The Way You Make Me Feel is one of the best YA contemporary romances I’ve ever read. It had everything I want from this genre: memorable characters, developed romantic and non-romantic relationships, diversity, a fresh premise and atmosphere.
It’s been a while since I’ve read a book that made me smile so much, and it was exactly what I needed. It’s a light read – I finished it in less than two days – and a well-written one.
What makes this book stand out are the characters. Clara Shin is a rebellious, flawed teenager who is always getting into trouble. At the beginning of the story, she’s very immature and irresponsible, which could have been irritating, but it wasn’t: I understood her, and I loved her narration as much as I loved her development. Clara’s character arc was really interesting, especially because it wasn’t tied to the romance – it was mostly about Clara’s relationship with her family and her friendship with Rose, an overachieving black ballerina who is her “enemy” at the start of the book. Clara and Rose are forced to work together in a food truck, the KoBra, and I loved their scenes.
The romance was also really cute – every conversation between Clara and Hamlet made me smile, and there was an emphasis on consent, which was great. The only thing that could have made this book better would have been an f/f romance between Clara and Rose; I couldn’t help but feel like there was some wasted potential for a hate-to-love romance.
Clara’s dad, Adrian Shin, is a single dad, the owner of the KoBra truck and one of the best dads in YA. There’s miscommunication, but him and Clara truly want the best for each other. This is one of the few contemporary books I’ve found in which the character’s family, their frienships and their romantic relationship are as well-rounded.

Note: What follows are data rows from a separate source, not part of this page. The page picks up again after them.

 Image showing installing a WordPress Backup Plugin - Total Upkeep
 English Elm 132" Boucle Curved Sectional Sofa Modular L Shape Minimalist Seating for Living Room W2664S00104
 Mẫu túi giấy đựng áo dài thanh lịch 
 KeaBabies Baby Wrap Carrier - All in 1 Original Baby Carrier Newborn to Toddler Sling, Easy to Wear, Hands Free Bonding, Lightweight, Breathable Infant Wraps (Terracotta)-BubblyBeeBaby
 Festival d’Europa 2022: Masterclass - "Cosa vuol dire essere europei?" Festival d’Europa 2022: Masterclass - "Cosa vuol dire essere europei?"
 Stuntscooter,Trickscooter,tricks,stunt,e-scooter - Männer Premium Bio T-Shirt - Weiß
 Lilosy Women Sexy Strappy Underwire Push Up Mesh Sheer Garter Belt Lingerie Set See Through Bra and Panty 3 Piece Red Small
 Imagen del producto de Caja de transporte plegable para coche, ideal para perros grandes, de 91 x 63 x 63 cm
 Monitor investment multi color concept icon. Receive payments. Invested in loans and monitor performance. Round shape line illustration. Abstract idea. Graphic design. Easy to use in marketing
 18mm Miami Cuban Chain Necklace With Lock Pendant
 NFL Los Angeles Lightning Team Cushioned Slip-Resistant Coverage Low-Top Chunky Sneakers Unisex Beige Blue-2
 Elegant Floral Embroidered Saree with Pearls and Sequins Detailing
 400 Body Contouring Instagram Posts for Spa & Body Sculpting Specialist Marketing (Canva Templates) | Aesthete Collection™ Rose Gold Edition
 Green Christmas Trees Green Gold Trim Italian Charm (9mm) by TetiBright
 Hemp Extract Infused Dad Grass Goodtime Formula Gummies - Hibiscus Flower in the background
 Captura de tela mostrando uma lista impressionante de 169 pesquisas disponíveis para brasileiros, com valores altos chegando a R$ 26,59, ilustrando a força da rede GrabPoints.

I also could visualize the setting perfectly. This book is set in LA, and I’ve read many books set there, but few of them made me feel as if I were there with the main character. The food descriptions were as good – Clara works in a truck which sells Korean-Brazilian food (Adrian was born in Brazil from a Korean family, Clara was born in the US), there was a food truck competition, and I’m hungry now.
There was only one scene I truly didn’t like – the one in which Clara texts triggering photos to her trypophobic dad on purpose. Yes, we’re supposed to think Clara is immature, but this is… so not ok it should have been brought up again later. This kind of behavior can have ugly consequences; phobias are not a joke.